TASK GOAL -
The expected output is the full data, repeated exactly, without pictures.

DATASET CONTENT -

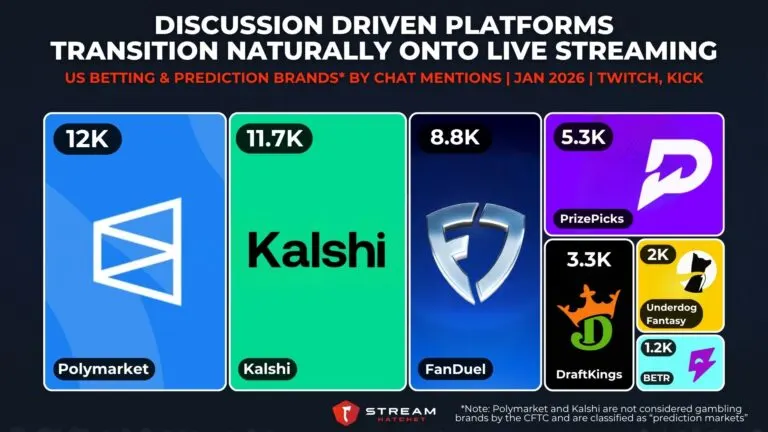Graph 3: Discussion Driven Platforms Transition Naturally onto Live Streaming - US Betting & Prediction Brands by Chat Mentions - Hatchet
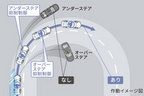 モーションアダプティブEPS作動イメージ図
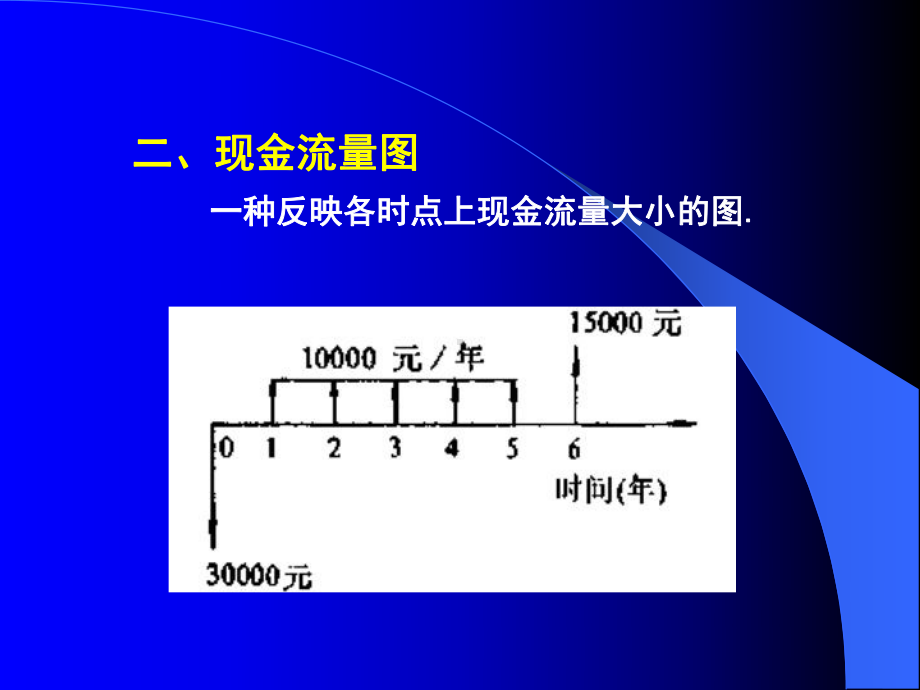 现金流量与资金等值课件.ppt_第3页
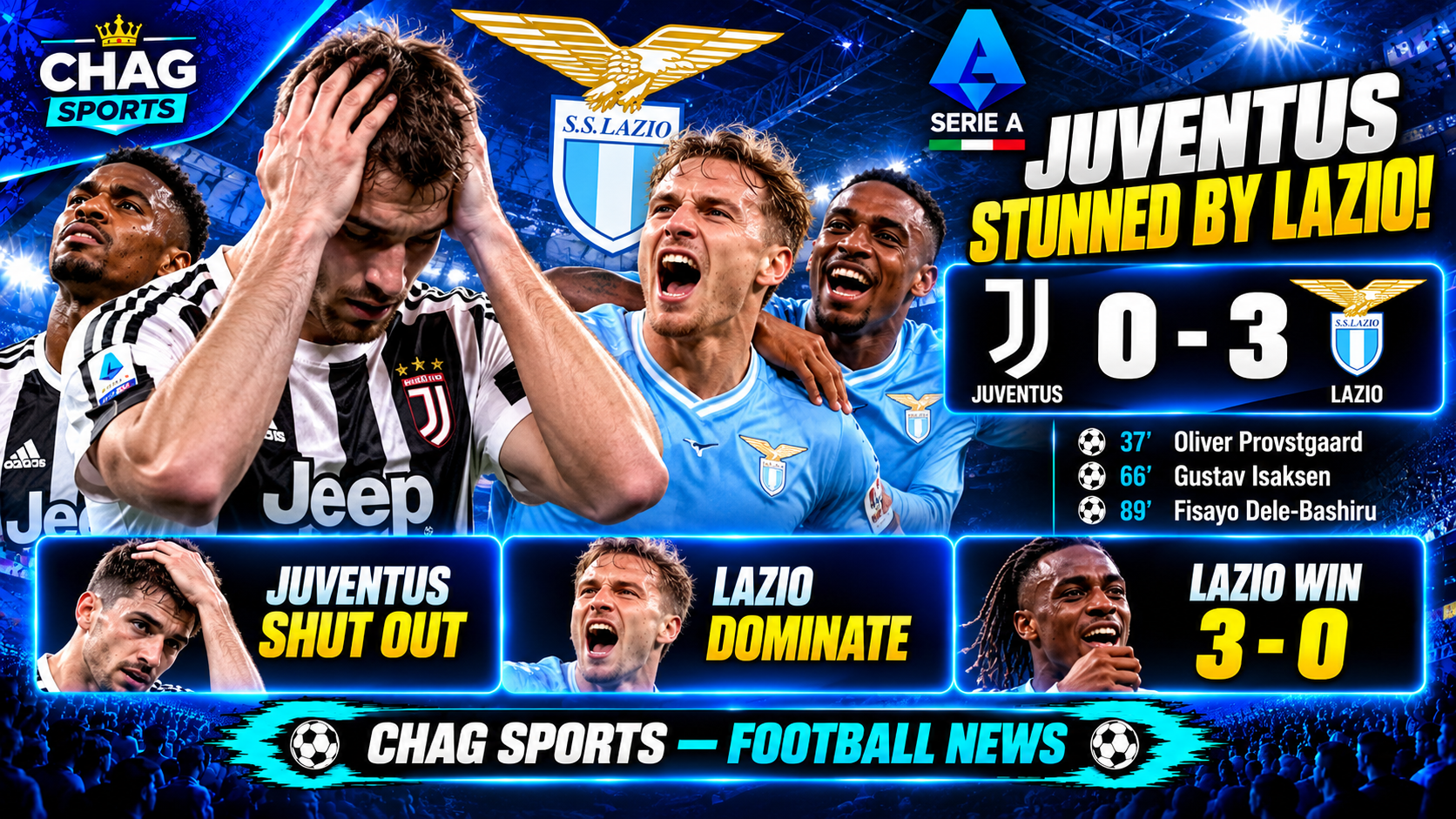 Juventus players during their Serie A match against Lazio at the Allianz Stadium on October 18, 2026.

RESPONSE TO THE TASK -
Graph 3: Discussion Driven Platforms Transition Naturally onto Live Streaming - US Betting & Prediction Brands by Chat Mentions - Hatchet
 モーションアダプティブEPS作動イメージ図
 现金流量与资金等值课件.ppt_第3页
 Juventus players during their Serie A match against Lazio at the Allianz Stadium on October 18, 2026.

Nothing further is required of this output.